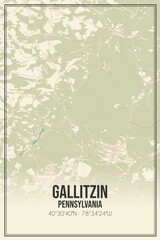 Retro US city map of Gallitzin, Pennsylvania. Vintage street map.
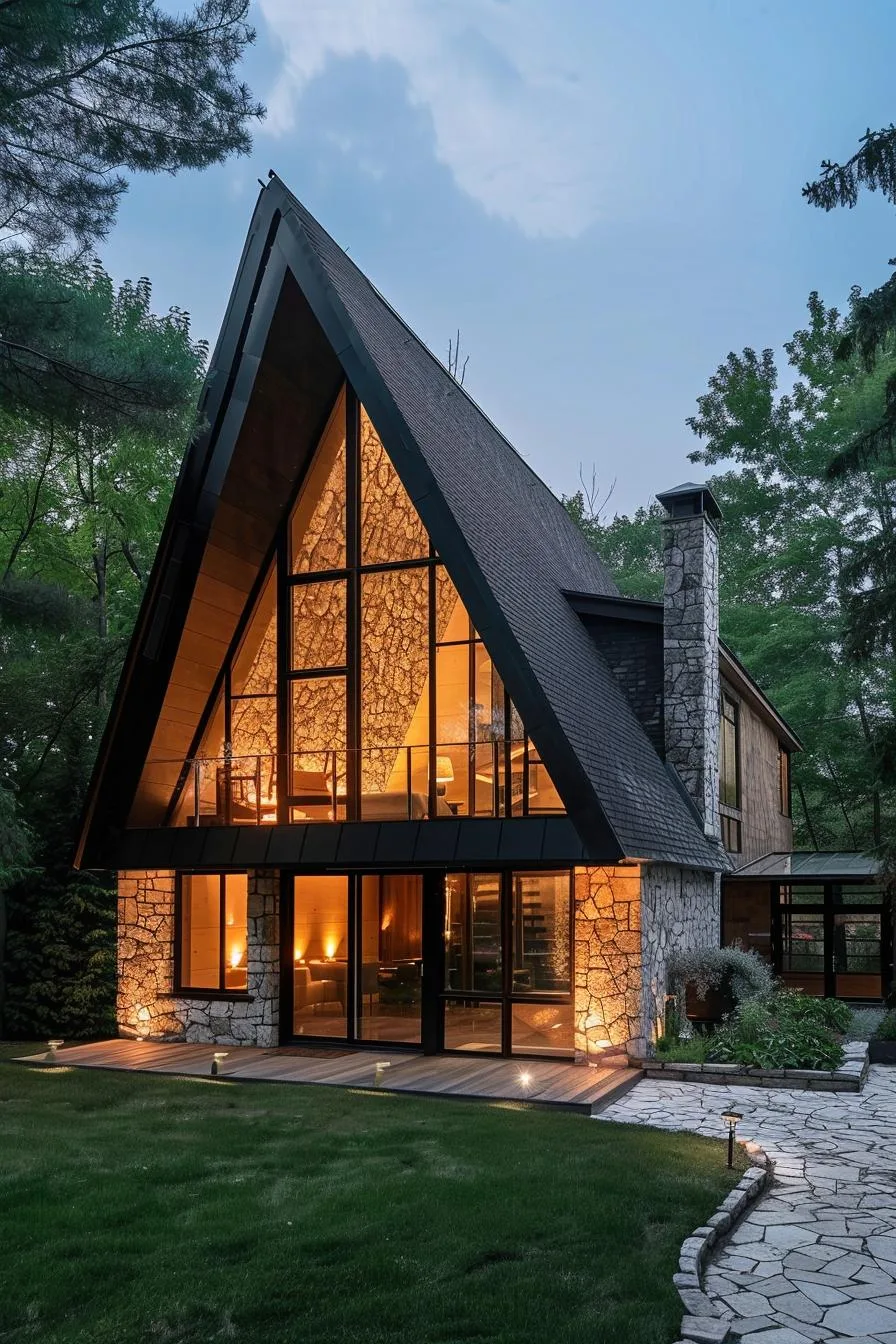 modern a frame house stone foundations
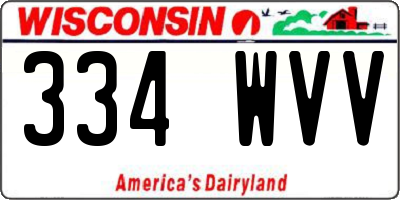 WI license plate 334WVV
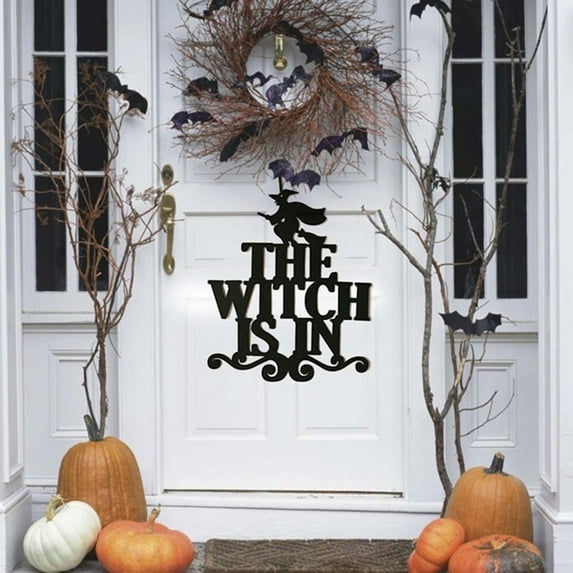 Wovilon Halloween Hanging Sign Decorations Non-Woven Trick Or Treat And The Witch Is In For Door And Wall Decoration Indoor Outdoor Yard Party Supplies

:: WORK REQUEST ::
Print out all the material above exactly as it appears, omitting the images.

:: YOUR RESPONSE ::
 Retro US city map of Gallitzin, Pennsylvania. Vintage street map.
 modern a frame house stone foundations
 WI license plate 334WVV
 Wovilon Halloween Hanging Sign Decorations Non-Woven Trick Or Treat And The Witch Is In For Door And Wall Decoration Indoor Outdoor Yard Party Supplies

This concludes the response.